Work to complete: Please give back each line of the material unchanged, but without the images.

Data provided:

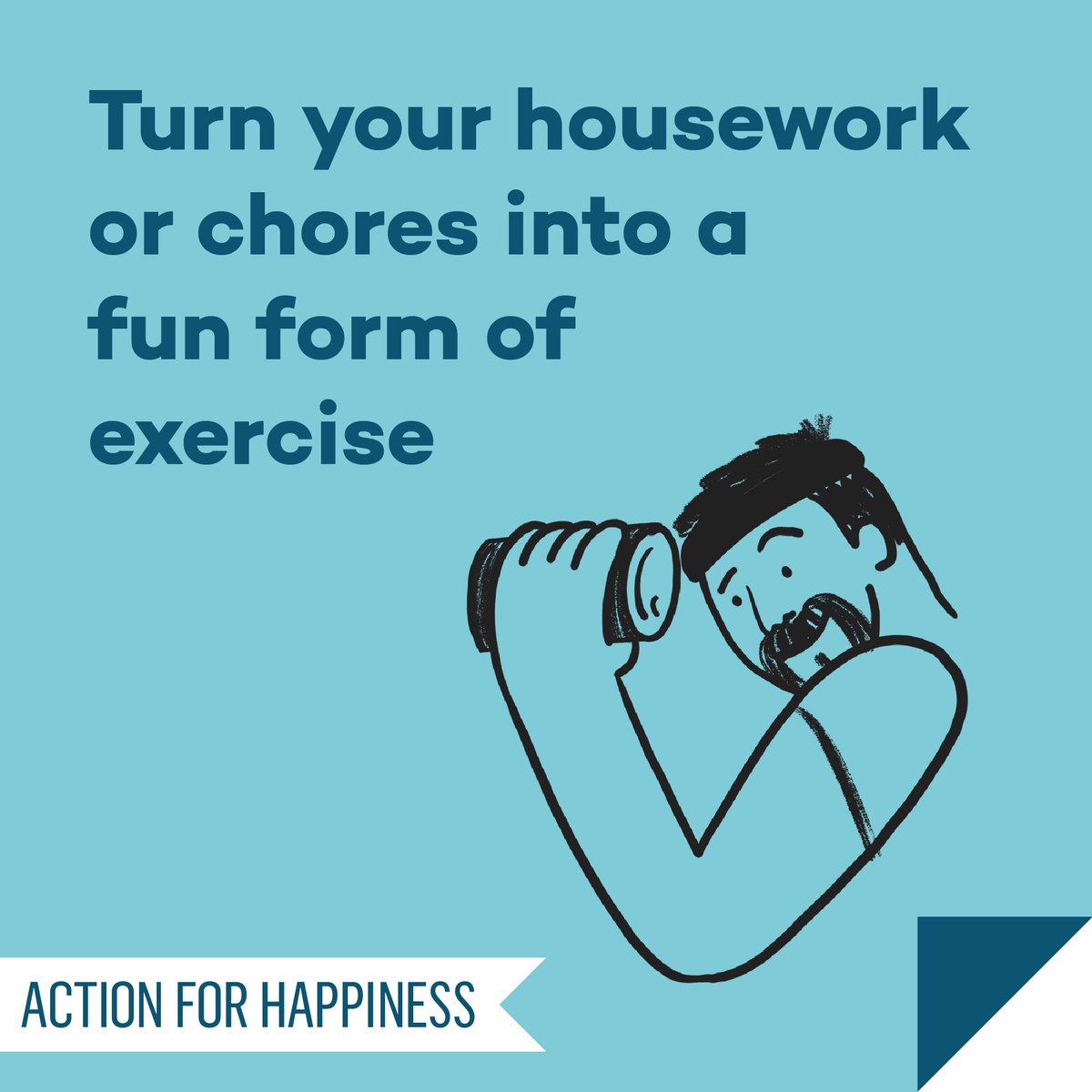 actionhappiness's tweet image. Active April - Day 9: Turn your housework or chores into a fun form of exercise 💪 actionforhappiness.org/active-april #ActiveApril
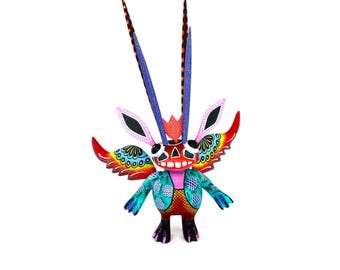 メキシコの民芸品、オアハカの木彫りアレブリヘ、手作り、馬、ルイス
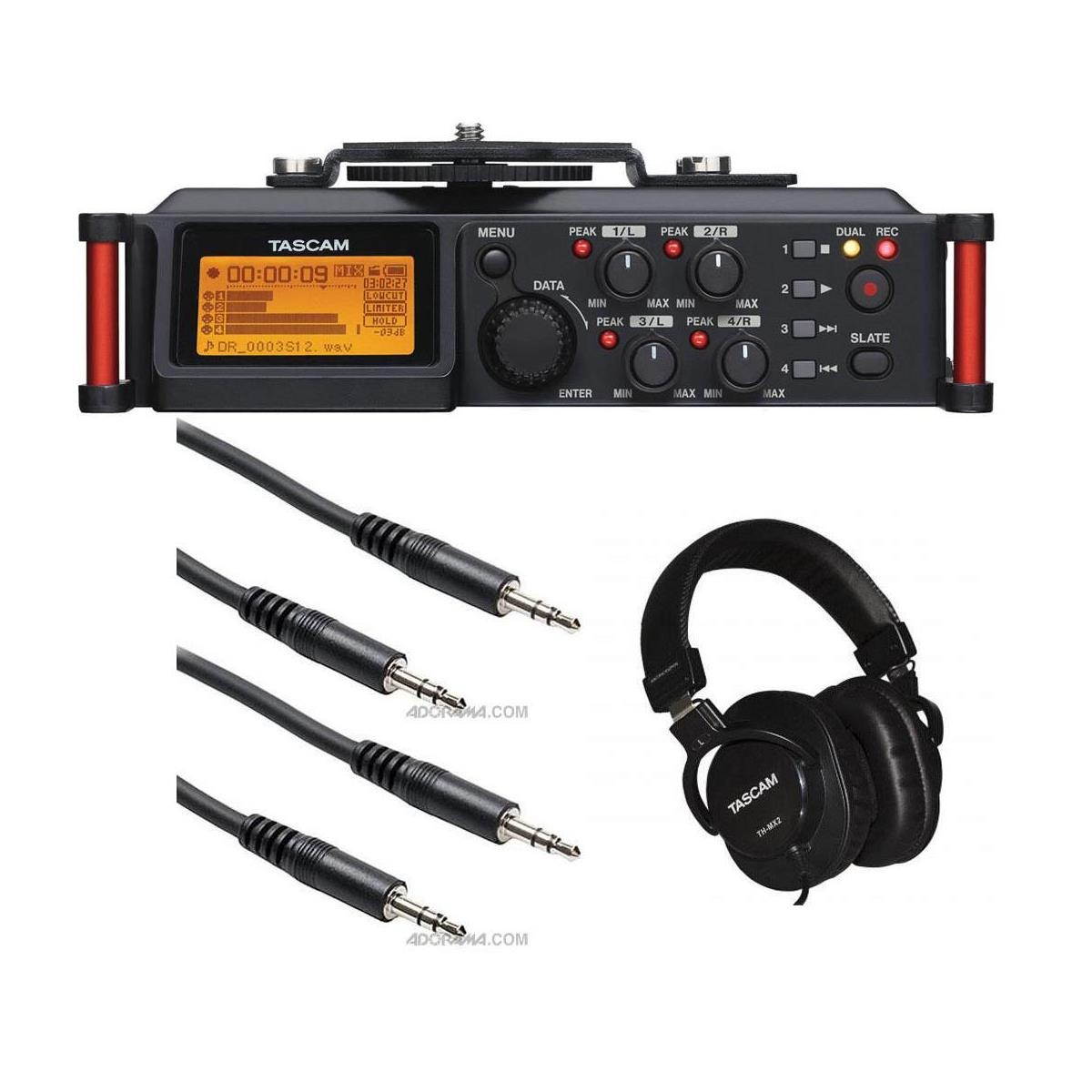 Tascam DR-70D 4-Channel Audio Recorder for DSLR Cameras W/Headphones/ 2x Cables
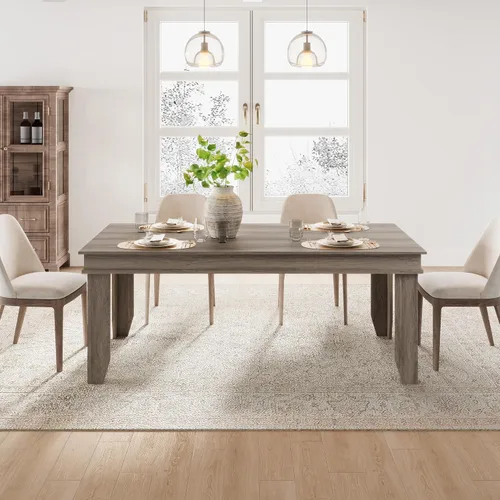 Vista 24 de GarveeHome Farmhouse - Mesa de comedor para 4-6 personas, mesas de cocina de 63 pulgadas de largo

Answer to this problem:
 actionhappiness's tweet image. Active April - Day 9: Turn your housework or chores into a fun form of exercise 💪 actionforhappiness.org/active-april #ActiveApril
 メキシコの民芸品、オアハカの木彫りアレブリヘ、手作り、馬、ルイス
 Tascam DR-70D 4-Channel Audio Recorder for DSLR Cameras W/Headphones/ 2x Cables
 Vista 24 de GarveeHome Farmhouse - Mesa de comedor para 4-6 personas, mesas de cocina de 63 pulgadas de largo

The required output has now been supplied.